Breaking down judge's ruling against Florida's pension law

Published March 7 2012
Updated March 7 2012

What happened?

Leon County Circuit Court Judge Jackie Fulford ruled Tuesday that the state's 2011 law requiring that members of the Florida Retirement System contribute 3 percent of their salaries to the pension fund unconstitutionally breached the contract with existing employees.

She ruled that the Legislature's action was "an unconstitutional impairment of plaintiff's contract with the State of Florida, an unconstitutional taking of private property without full compensation, and an abridgement of the rights of public employees to collectively bargain over conditions of employment." Fulford also found unconstitutional a piece of the law that lowered cost-of-living adjustments retirees received.

The ruling applies to government workers who were members of the Florida Retirement System before July 1, 2011.

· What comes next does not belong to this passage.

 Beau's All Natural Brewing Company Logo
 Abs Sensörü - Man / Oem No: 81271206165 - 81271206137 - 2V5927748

Who was forced to contribute 3 percent of their salaries to pensions?

All public employees enrolled in the Florida Retirement System, which covers employees of the state, school districts, counties, public universities and community colleges, 182 cities and 231 special districts.

How many people is that?

560,000 working Floridians, from teachers to corrections officers.

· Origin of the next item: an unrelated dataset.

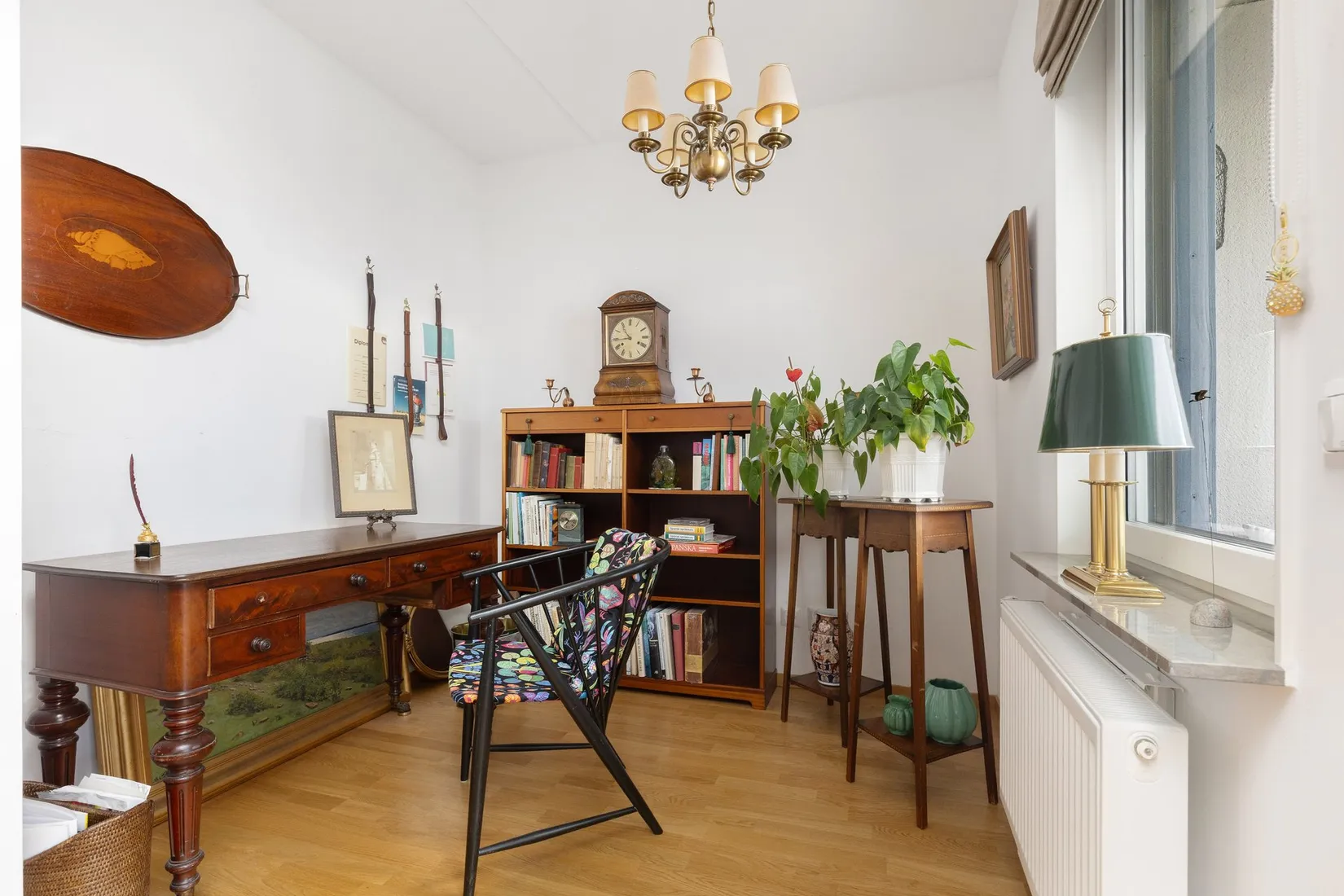 Bostadsrätt, Gustavsbergs allé 36, Porslinskvarteren, Värmdö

Why did the Legislature require workers to direct part of their salary to the state retirement system?

Lawmakers have considered making government workers pay into the retirement system before, but the idea gained momentum in 2011 because it was a top priority of Gov. Rick Scott. Scott originally wanted workers to contribute 5 percent of their salary; lawmakers settled on 3 percent.

The law that was adopted made other changes to the state retirement system, including raising the retirement age for new workers. The lawsuit doesn't affect workers hired after July 1, 2011.

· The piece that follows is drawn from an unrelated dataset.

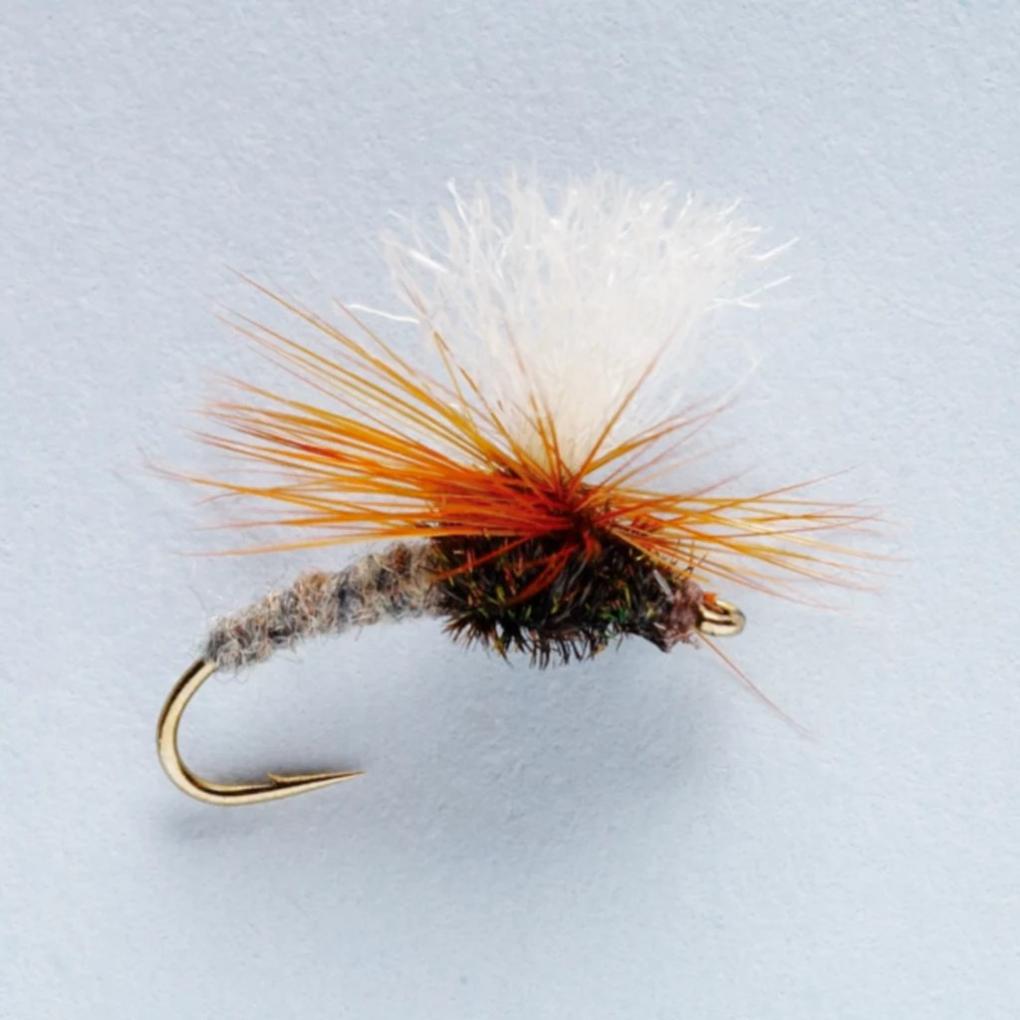 Orvis Dry Flies | Klinkhammer Adams - Fly Fishing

Wasn't it a campaign promise of Gov. Rick Scott to have state workers contribute to their pensions? What does he say about the ruling?

"I don't understand the ruling. It doesn't make any sense to me," Scott said Tuesday night. "We are appealing it and I'm sure it will be held constitutional, but think of the adverse impact it has on our state. . . . That plan is getting more unfunded every year."

Scott promised during the campaign to align employee contributions with other states, most of which require employees to direct a portion of their paycheck toward their retirement plan.

What's the immediate impact on the state budget lawmakers are completing this week for the 2012-13 year?

If the state appeals, as Scott has promised, there will be an automatic stay — which means the state will not be forced to return employee contributions or fill a corresponding budget hole.

House and Senate leaders say there will be no immediate impact on the budget they are scheduled to vote on Friday.

Who would hear the appeal?

The case would be appealed to the 1st District Court of Appeal in Tallahassee. It likely would then be heard by the Florida Supreme Court.

If the ruling stands, will the state have to pay back workers what they've contributed since the law went into effect July 1, 2011?

Yes, the judge ordered payback with interest.

Who is this judge?

Fulford, a Republican, was appointed to the 2nd Judicial Circuit Court in 2009 by then-Gov. Charlie Crist. She previously served as chief assistant state attorney for the circuit, which covers Tallahassee and six Panhandle counties. Fulford graduated from Stetson College of Law. In 2011, she struck down a legislative proposal to privatize prisons and work camps in 18 South Florida counties.

Times/Herald staff writer Steve Bousquet contributed to this report.